Anger fuels water-fluoridation debate in Watsonville, Calif.
The editorial in the Watsonville Register-Pajaronian offered local voters some blunt advice: “Shield your eyes,” it said, “because the City Council is preparing to spit in your face.”
That was this month, as the council inched toward finally fluoridating the city’s water -- a state-mandated action that has been bitterly debated since city residents narrowly voted to block it in 2002. At a council meeting in January, an anti-fluoridation activist held up a sign alluding to Nazis. When speakers threatened to boycott local businesses if fluoridation goes through, a council member told them to jump off the parking-garage roof.
Although the argument in the Santa Cruz County agricultural town of 50,000 has raged for years, people on both sides see a resolution as urgent.
Health officials say that Watsonville, with a large population of migrant workers, is in the throes of a dental-decay epidemic. One study of local students found an average of two dental abscesses in every classroom, not to mention an outsize number of cavities.
Still, one of the biggest employers in town -- the Martinelli beverage company, famous for its sparkling apple cider -- said it would rather move a planned expansion elsewhere than use fluoridated water in a new line of juices.
“We believe fluoride is bad for your body so, morally and ethically, we simply cannot put that water in our products,” said John Martinelli, president of S. Martinelli & Co., his family’s business for 142 years. “If half the people in this town don’t want to be mass-medicated, then we shouldn’t be.”
Although water supplies across the U.S. have been fluoridated for decades and the Centers for Disease Control and Prevention has called the process “one of the 10 great public health achievements of the 20th Century,” California has been late to embrace it. Opponents link it to bone cancer, thyroid problems, kidney malfunction, fetal damage and a host of other conditions.
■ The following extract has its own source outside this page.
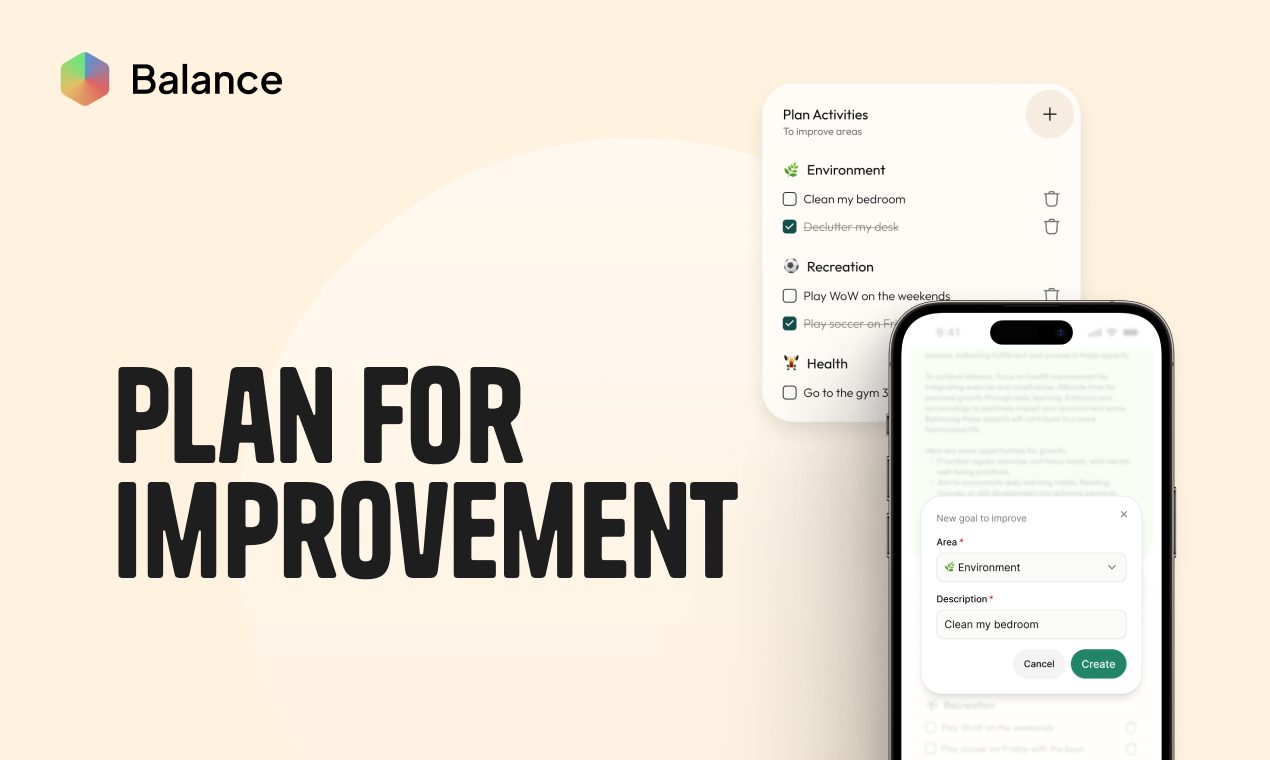 Balance gallery image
Their critics, including most mainstream medical and dental organizations, accuse them of distorting scientific studies.
Suspicion of fluoridation comes from the right and the left. Some see it as a dangerous erosion of liberty. Others believe it’s an underhanded way for businesses to get rid of industrial waste.
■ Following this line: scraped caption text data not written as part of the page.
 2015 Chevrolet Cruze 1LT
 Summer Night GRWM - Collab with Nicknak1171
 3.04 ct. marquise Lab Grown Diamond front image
In Watsonville, the issue is also economic.
Fields surrounding Watsonville are planted with strawberries, raspberries and a variety of vegetables. But unemployment in the city is estimated at 25%, in part because of the slow agricultural season.
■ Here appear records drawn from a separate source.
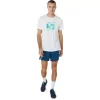 TRICOU CU GRAFIC GS PENTRU BĂRBAȚI TRICOU CU GRAFIC GS PENTRU BĂRBAȚI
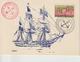 France Expo Régionale De Maquettes Bateaux Le Havre 1960 - Commemorative Postmarks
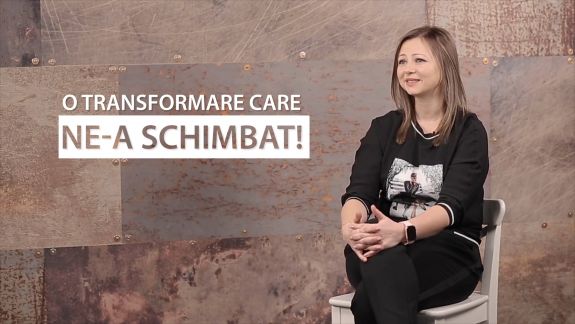 Oamenii de la Philip Morris. Aneta Serbușca: „O echipă bună poate transforma prezentul și viitorul unei companii” (VIDEO)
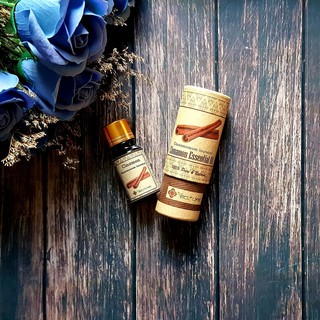 Tinh dầu vỏ quế ECOLIFE – Cinamon Essential Oil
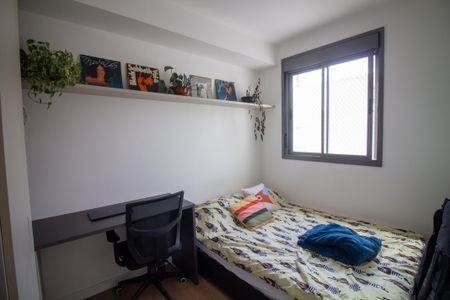 Apartamento à venda com 76m², 3 quartos e 1 vagaQuarto 2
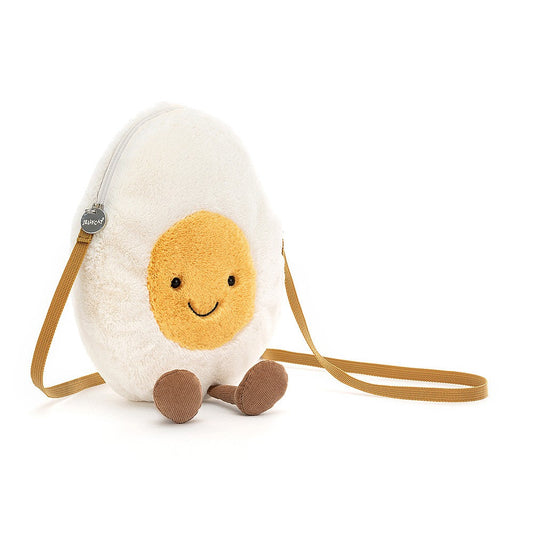 Jellycat Bag | Amuseable Happy Boiled Egg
Martinelli’s nonalcoholic sparkling cider was concocted during Prohibition and has been a reliable stand-in for champagne ever since. The company’s cider and apple juice use no water except that in the fruit the company buys by the ton from area orchards.
But this summer, the company plans to roll out juices -- acai, pomegranate, blueberry and others -- made from concentrate and water. And if that water is fluoridated, Martinelli said, customers will balk.
“What we’re talking about is our growth opportunity,” said Martinelli, who says the expansion could add dozens of workers to his 200-person staff. “Watsonville won’t benefit from the growth of our business if I have to take it somewhere else.”
Despite facing a $5 million deficit, city officials said they might help Martinelli pay for the high-tech equipment required to remove fluoride from water.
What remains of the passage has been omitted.